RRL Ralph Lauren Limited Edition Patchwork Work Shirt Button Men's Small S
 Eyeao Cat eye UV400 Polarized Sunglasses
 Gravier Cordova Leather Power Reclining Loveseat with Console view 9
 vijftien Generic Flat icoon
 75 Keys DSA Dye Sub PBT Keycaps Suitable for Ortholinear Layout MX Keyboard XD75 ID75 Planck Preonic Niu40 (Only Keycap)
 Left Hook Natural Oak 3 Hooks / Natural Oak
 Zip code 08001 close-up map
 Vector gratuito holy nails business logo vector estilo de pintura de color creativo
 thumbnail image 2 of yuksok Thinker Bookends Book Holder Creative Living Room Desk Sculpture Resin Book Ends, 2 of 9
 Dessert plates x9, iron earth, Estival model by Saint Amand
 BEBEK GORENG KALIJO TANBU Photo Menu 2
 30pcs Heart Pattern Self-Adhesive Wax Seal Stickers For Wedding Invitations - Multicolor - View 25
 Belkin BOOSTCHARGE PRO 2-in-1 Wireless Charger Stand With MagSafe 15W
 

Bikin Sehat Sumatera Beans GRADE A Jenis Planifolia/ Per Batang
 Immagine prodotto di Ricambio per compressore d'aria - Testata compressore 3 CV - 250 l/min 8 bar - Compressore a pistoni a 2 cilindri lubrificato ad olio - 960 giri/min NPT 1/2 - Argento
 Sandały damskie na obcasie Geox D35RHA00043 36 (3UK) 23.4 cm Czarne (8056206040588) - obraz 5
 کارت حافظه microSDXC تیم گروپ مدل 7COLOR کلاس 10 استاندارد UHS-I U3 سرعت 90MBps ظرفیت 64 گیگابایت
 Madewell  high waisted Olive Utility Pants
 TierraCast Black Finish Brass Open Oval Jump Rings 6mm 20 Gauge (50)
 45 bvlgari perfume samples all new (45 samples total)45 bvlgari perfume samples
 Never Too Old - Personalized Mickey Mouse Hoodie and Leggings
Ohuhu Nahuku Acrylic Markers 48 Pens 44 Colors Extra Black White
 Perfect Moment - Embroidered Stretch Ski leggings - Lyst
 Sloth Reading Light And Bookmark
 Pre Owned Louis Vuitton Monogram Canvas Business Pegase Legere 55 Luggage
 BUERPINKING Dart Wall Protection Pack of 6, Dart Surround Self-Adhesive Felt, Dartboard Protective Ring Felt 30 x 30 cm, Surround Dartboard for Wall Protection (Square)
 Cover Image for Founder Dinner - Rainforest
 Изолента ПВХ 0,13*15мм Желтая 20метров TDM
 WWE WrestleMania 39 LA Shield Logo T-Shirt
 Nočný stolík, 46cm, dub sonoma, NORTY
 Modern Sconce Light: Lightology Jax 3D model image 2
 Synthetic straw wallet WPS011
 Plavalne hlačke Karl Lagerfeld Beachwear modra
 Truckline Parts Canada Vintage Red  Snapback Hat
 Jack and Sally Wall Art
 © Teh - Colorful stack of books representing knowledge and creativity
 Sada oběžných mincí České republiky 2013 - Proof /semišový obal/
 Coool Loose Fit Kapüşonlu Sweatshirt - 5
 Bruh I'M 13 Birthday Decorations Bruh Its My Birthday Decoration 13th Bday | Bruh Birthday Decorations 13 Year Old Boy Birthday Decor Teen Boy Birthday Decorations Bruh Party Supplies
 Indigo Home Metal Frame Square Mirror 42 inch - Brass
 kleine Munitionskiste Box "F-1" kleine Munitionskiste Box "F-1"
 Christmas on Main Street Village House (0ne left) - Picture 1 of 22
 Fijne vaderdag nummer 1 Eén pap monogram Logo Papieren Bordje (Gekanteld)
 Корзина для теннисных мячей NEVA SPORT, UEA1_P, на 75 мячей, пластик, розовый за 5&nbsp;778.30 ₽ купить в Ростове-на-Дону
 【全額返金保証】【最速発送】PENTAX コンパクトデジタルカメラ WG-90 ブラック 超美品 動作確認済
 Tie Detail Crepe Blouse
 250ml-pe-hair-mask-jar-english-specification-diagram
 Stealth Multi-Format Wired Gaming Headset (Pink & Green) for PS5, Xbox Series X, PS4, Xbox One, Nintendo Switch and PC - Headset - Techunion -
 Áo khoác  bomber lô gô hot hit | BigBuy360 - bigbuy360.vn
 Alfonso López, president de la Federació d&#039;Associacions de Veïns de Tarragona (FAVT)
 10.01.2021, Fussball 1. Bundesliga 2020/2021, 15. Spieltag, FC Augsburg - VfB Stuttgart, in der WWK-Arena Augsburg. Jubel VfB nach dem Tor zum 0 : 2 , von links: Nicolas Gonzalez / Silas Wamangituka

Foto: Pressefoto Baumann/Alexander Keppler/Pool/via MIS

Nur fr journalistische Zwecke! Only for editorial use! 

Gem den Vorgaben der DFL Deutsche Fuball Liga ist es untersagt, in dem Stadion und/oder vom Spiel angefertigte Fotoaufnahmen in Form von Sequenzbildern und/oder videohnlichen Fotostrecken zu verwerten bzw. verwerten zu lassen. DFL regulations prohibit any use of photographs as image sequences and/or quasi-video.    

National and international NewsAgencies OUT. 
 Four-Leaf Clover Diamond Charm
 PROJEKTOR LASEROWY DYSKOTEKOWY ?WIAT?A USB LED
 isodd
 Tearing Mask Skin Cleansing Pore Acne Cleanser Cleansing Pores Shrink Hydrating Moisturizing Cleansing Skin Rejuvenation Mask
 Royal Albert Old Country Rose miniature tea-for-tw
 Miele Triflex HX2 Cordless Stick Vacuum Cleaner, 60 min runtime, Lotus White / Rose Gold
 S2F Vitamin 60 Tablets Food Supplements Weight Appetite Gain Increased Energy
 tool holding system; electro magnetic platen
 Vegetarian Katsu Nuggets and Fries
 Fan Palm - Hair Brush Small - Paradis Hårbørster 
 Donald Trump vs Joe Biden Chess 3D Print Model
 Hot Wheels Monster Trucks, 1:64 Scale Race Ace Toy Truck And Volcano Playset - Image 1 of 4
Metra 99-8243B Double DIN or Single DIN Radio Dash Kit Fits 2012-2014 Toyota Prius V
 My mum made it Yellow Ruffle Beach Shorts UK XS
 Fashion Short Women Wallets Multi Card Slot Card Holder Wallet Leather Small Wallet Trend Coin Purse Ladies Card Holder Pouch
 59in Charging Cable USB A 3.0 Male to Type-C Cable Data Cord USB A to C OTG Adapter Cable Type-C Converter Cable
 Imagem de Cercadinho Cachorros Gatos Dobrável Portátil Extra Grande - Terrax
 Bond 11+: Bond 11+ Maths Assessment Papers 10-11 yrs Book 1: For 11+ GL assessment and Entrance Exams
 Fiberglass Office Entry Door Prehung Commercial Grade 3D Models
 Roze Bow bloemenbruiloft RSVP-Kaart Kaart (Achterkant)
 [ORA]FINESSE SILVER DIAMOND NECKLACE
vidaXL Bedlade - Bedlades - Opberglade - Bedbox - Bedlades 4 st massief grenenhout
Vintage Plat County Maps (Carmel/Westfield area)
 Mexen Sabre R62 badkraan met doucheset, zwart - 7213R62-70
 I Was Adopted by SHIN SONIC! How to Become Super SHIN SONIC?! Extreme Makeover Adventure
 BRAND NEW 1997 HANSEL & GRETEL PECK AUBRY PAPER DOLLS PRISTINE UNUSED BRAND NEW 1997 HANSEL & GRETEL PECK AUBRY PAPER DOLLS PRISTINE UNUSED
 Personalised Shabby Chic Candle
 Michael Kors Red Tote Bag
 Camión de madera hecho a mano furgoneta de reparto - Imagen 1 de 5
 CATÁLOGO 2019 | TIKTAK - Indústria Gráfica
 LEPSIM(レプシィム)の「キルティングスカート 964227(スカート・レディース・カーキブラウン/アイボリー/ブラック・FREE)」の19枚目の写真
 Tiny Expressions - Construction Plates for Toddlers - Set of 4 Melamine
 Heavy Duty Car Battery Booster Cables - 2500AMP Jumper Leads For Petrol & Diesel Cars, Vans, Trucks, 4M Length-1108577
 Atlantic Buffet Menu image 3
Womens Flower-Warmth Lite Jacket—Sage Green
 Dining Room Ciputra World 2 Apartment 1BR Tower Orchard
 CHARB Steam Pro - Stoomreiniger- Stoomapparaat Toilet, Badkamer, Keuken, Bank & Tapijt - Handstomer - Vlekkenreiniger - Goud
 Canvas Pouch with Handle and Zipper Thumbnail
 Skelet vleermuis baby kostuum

============

Instructions to follow — In the listing above, locate the line with "BigBuy360 - bigbuy360.vn" and the line with "Hot Wheels Monster", then extract exactly those lines and every line between them, and nothing more.

Task response —
 Áo khoác  bomber lô gô hot hit | BigBuy360 - bigbuy360.vn
 Alfonso López, president de la Federació d&#039;Associacions de Veïns de Tarragona (FAVT)
 10.01.2021, Fussball 1. Bundesliga 2020/2021, 15. Spieltag, FC Augsburg - VfB Stuttgart, in der WWK-Arena Augsburg. Jubel VfB nach dem Tor zum 0 : 2 , von links: Nicolas Gonzalez / Silas Wamangituka

Foto: Pressefoto Baumann/Alexander Keppler/Pool/via MIS

Nur fr journalistische Zwecke! Only for editorial use! 

Gem den Vorgaben der DFL Deutsche Fuball Liga ist es untersagt, in dem Stadion und/oder vom Spiel angefertigte Fotoaufnahmen in Form von Sequenzbildern und/oder videohnlichen Fotostrecken zu verwerten bzw. verwerten zu lassen. DFL regulations prohibit any use of photographs as image sequences and/or quasi-video.    

National and international NewsAgencies OUT. 
 Four-Leaf Clover Diamond Charm
 PROJEKTOR LASEROWY DYSKOTEKOWY ?WIAT?A USB LED
 isodd
 Tearing Mask Skin Cleansing Pore Acne Cleanser Cleansing Pores Shrink Hydrating Moisturizing Cleansing Skin Rejuvenation Mask
 Royal Albert Old Country Rose miniature tea-for-tw
 Miele Triflex HX2 Cordless Stick Vacuum Cleaner, 60 min runtime, Lotus White / Rose Gold
 S2F Vitamin 60 Tablets Food Supplements Weight Appetite Gain Increased Energy
 tool holding system; electro magnetic platen
 Vegetarian Katsu Nuggets and Fries
 Fan Palm - Hair Brush Small - Paradis Hårbørster 
 Donald Trump vs Joe Biden Chess 3D Print Model
 Hot Wheels Monster Trucks, 1:64 Scale Race Ace Toy Truck And Volcano Playset - Image 1 of 4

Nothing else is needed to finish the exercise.